**TRY IT:** Here the job is to transcribe only the lines from the one containing "(1) Pugilina morio" through the last line below, exactly as written; please leave out pictures.

**RECORDS PROVIDED:**

>>>

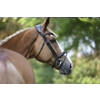 Bridle LEGENDARY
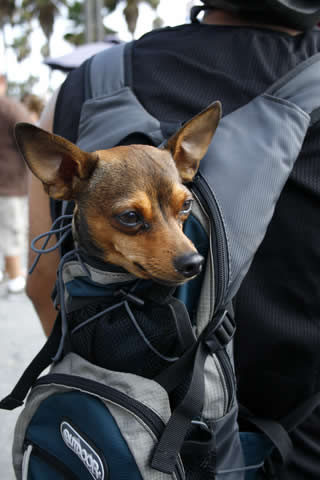 dog-in-rucksack.jpg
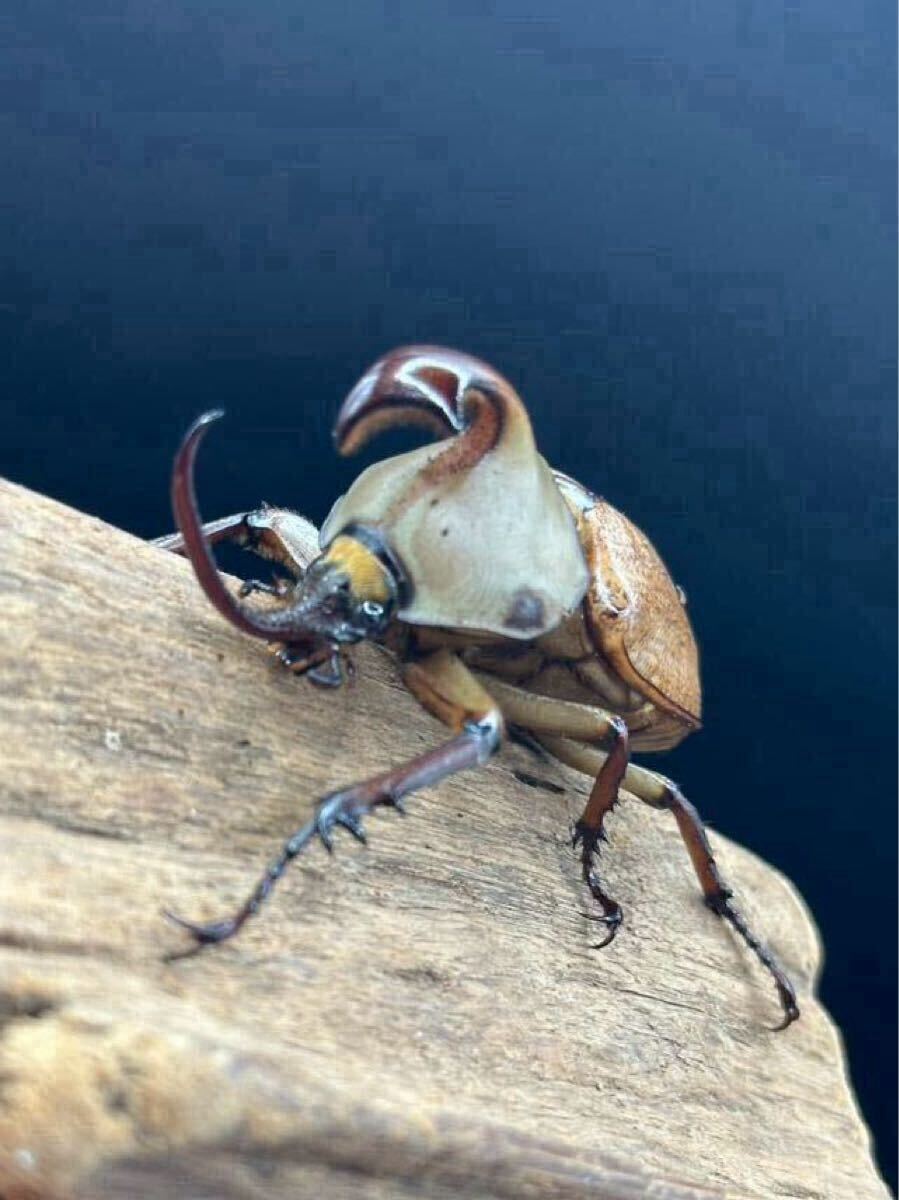 ゴロファ クラビゲール　幼虫５匹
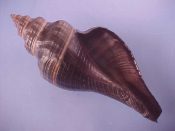 (1) Pugilina morio Linne, 1758....128 mm. F++. Not huge but shiny black & with good lip...Cameroon...$8 (1 available)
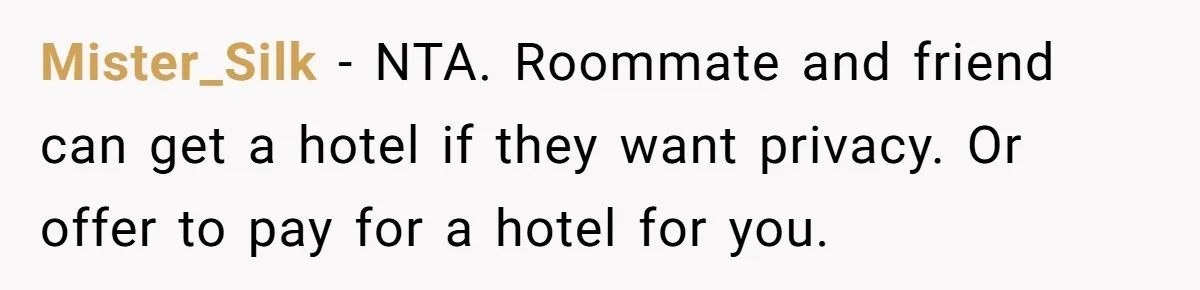 Mister_Silk − NTA. Roommate and friend can get a hotel if they want privacy. Or offer to pay for a hotel for you.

<<<

**SOLUTION:**
 (1) Pugilina morio Linne, 1758....128 mm. F++. Not huge but shiny black & with good lip...Cameroon...$8 (1 available)
 Mister_Silk − NTA. Roommate and friend can get a hotel if they want privacy. Or offer to pay for a hotel for you.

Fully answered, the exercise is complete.